The system is anticipated to be commissioned within a year.
Google is developing a new global database of child abuse images, which would be shared with its rival firms, to eliminate child pornography on the web.
According to the search engine, database would detect images via a ‘hashing’ process, which assists in developing a unique fingerprint that enables Google, or websites to detect similar images based on what they actually resemble.
The new database, which is anticipated to be commissioned within a year, will also allow flagged child porn images by child protection organisations including the Internet Watch Foundation (IWF) to be cleaned from the web.
Google Giving director Jacquelline Fuller said that the firm has been using ‘hashing’ technology since 2008 to tag known child sexual abuse images, allowing identifying duplicate images that may exist elsewhere.

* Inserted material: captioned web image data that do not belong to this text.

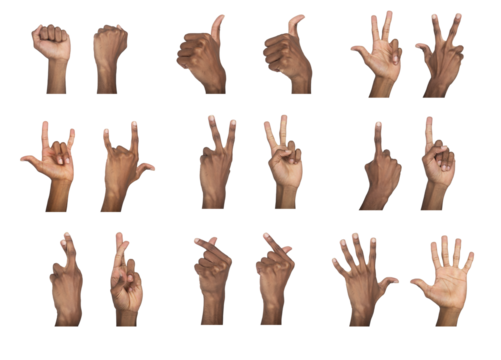 Hand gesture set with different signs, including fist, thumb up, peace, and pointing poses,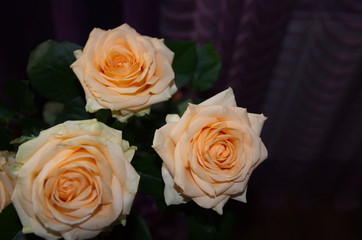 Naklejka premium Against the background of purple textile, on a round glass table is a bouquet of beautiful fresh fragrant orange roses with green leaves.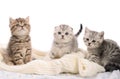 Three gray kittens sibs on white knitted fabric Royalty Free Stock Photo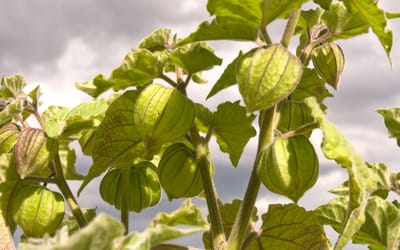 Physalis und Tomatillo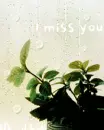 i miss you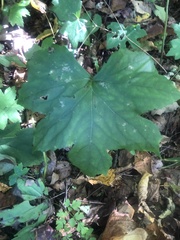 Hydrophyllum canadense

"Each offending image in effect gets a unique ID that our computers can recognise without humans having to view them again," Fuller said.
"Recently, we’ve started working to incorporate encrypted ‘fingerprints’ of child sexual abuse images into a cross-industry database.
"This will enable companies, law enforcement and charities to better collaborate on detecting and removing these images, and to take action against the criminals."
Google has also revealed $2m Child Protection Technology Fund to support independent software developers in creating new tools to battle child pornography.
"We’re in the business of making information widely available, but there’s certain "information" that should never be created or found," Fuller added.
"We can do a lot to ensure it’s not available online — and that when people try to share this disgusting content they are caught and prosecuted."
Recently, UK Prime minister David Cameron urged Google and other search engines to work harder to prevent child pornography saying that he is sickened by the proliferation of child pornography.